The new scripts and characters in Version 10.0 add support for lesser-used languages and unique written requirements worldwide, including:
- Masaram Gondi, used to write Gondi in Central and Southeast India
- Nüshu, used by women in China to write poetry and other discourses until the late twentieth century
- Soyombo and Zanabazar Square, used in historic Buddhist texts to write Sanskrit, Tibetan, and Mongolian
- Syriac letters used for writing Suriyani Malayalam, also known as Garshuni and as Syriac Malayalam
- Gujarati signs used for the transliteration of the Arabic script into Gujarati by Ismaili Khoja communities
- A set of 285 Hentaigana characters used in Japan (historic variants of Hiragana characters)
- CJK Extension F (7,473 Han characters)
Important symbol additions include:
- Bitcoin sign
- 56 emoji characters (full list)
- A set of Typicon marks and symbols
For statistics regarding emoji associated with Unicode 10.0,
see Emoji Counts.
Synchronization
Several other important Unicode specifications have been updated for Version 10.0.

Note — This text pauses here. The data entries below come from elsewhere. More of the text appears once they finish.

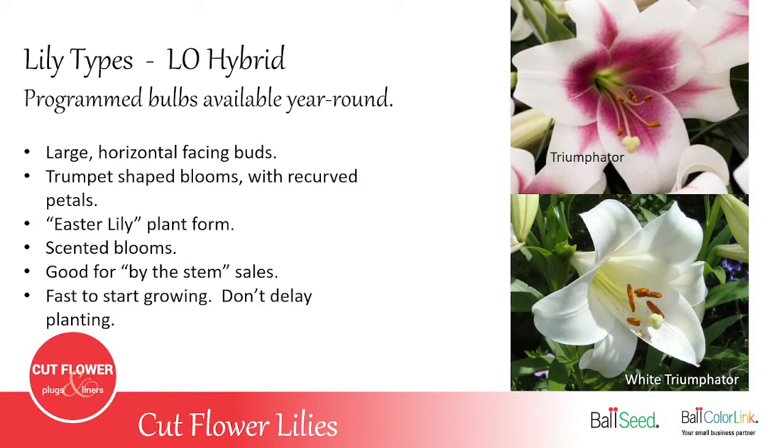The LO hybrid — the Longiflorum Oriental cross — has only a couple varieties. It's a really large bud that points horizontal from the stem, and the petals curl way around. It's basically the Easter lily form — if you saw one before it blooms, it looks just like an Easter lily. Great for by-the-stem sales. It's also one of the fastest to start growing when you get the bulbs; it's not unusual for the Triumphador to show up at your door already with a quarter-inch stem coming out of the bulb just in the two or three days it took to get to you in transit. So you have to make sure you always plant these soon after they arrive.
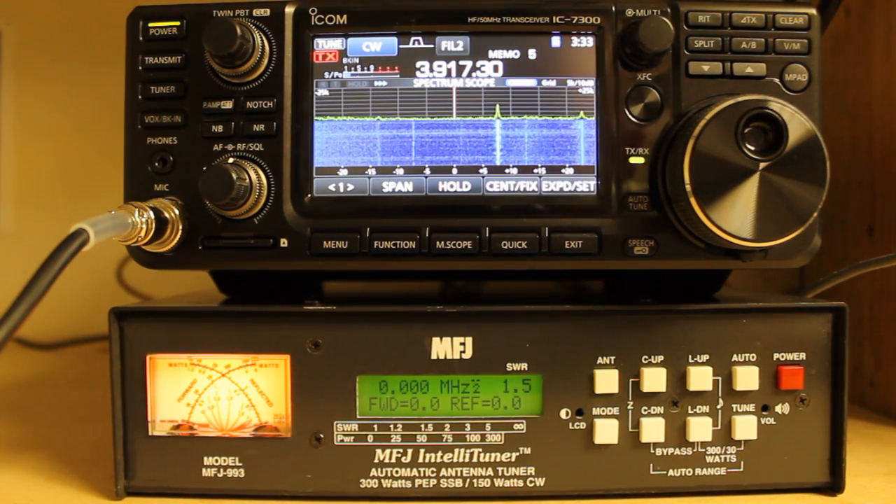Hello everybody, welcome to Bootstrap Workbench. Today I wanted to talk about the MFJ993 antenna tuner.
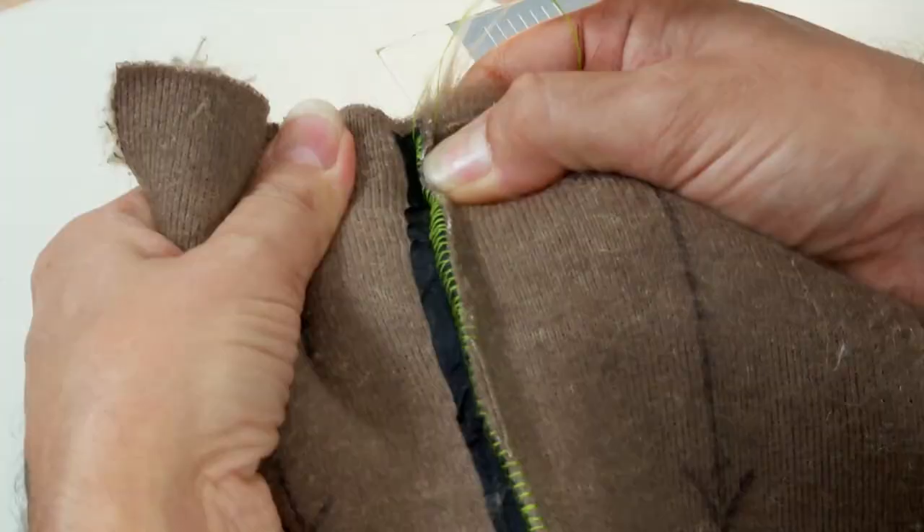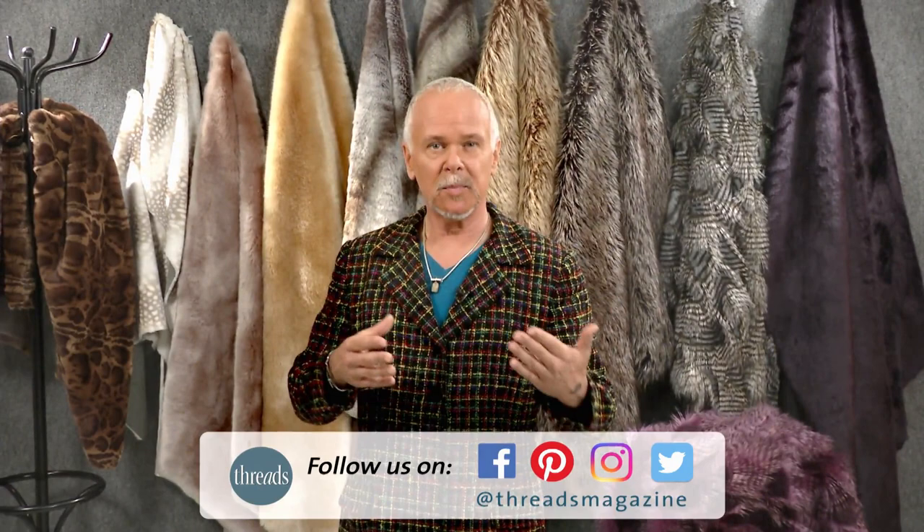A lot of the information that I'm presenting here is gleaned from years of taking apart old vintage coats, so this particular information works well on fake furs, and if you so choose, natural furs.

The following three Unicode Technical Standards are versioned in
synchrony with the Unicode Standard, because their data files cover the same repertoire.
All have been updated to Version 10.0:
Additionally, Version 10.0 of the Unicode Standard makes use of the
emoji-related data and behavior specified in Version 5.0 of UTS #51:
Some of the changes in Version 10.0 and associated Unicode Technical Standards
may require modifications
to implementations. For more information, see the migration and modification sections of UTS #10, UTS #39, UTS #46, and UTS #51.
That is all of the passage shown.